RAF Flowerdown, located three miles north-west of Winchester just off the Stockbridge Road, was used for many purposes during WW1 and in the 'inter-war' years. It was however never used as an airfield, with the nearby RAF Worthy Down having more room to accommodate an airfield. Shown below is a satellite image of the Winchester region, with the sites of RAF Flowerdown and RAF Worthy Down shaded in yellow.
No. 1(T) Wireless School, Flowerdown (a brief history)

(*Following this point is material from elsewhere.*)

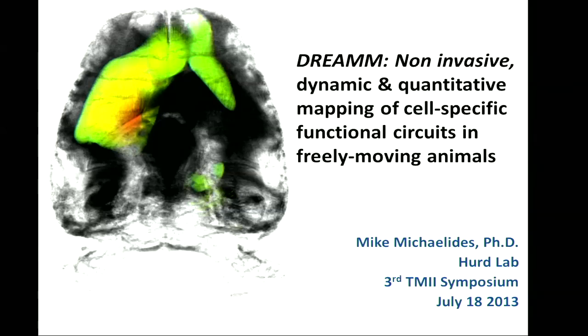Let's move on to the next talk by Michael Mycolaidas. Before his talk, I'm going to present the certificate of the abstract award to him.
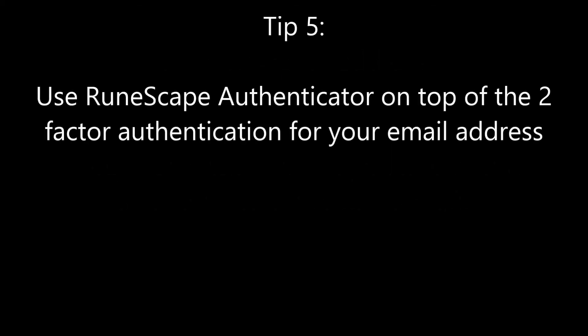Tip number five is to use the RuneScape Authenticator. I know this is farther down on the list, so it's not as critical, but that's not to say it's not still important. Every single line of defense you can have is important because that's one more than you would have had if you decided to ignore it. That said, having two-factor authentication on your email is so much more important, because if people get into your email, they can disable Authenticator — but not the other way around. Regardless, please set up Authenticator on your RuneScape account. It's incredibly easy to use — you only have to put it in once every 30 days for every device. I don't understand why people wouldn't use it. It's one more line of defense and it's so simple.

At the start of WW1, training of Royal Flying Corps personnel in the operation and repair of wireless transmitters and receivers was initially the realm of No. 9 (Wireless) Squadron, a squadron formed at St Omer in December 1914 from the HQ Wireless Unit. The squadron’s main aim was to provide instruction in the field and also to fly with other RFC squadrons to provide communication with allied forces on the ground. In April 1915, No. 9 Squadron was disbanded in France and re-formed in England at Brooklands to concentrate its training of RFC personnel at a single location. Before the end of 1915, No. 9 Squadron moved its operation to the Town Hall in South Farnborough, where it became known as the School for Wireless Operators. Twelve months later, in December 1916, The School for Wireless Operators moved once more, this time to the Blenheim Barracks, South Farnborough.
The School for Wireless Operators grew rapidly and in March 1917 it ceased to be part of the Recruits Depot and became a Park under the Administrative Wing, with a greatly enlarged air training section. By this time there were a number of other “Wireless Schools” operating in the UK, the (Upper) Regents Street Polytechnic, Marconi House, Earls Court and Clapham, all in London. In October 1917, it was decided to concentrate all wireless training at Farnborough by amalgamating the Farnborough-based school with other training establishments, including the Wireless Officers and Wireless Mechanics Schools from Brooklands and also the Corps Squadron Operators School. The Farnborough training facility was soon ‘bursting at the seams’, occupying the whole of the Blenheim Barracks as well as the South Farnborough Town Hall and it was soon necessary for personnel to be accommodated in tents.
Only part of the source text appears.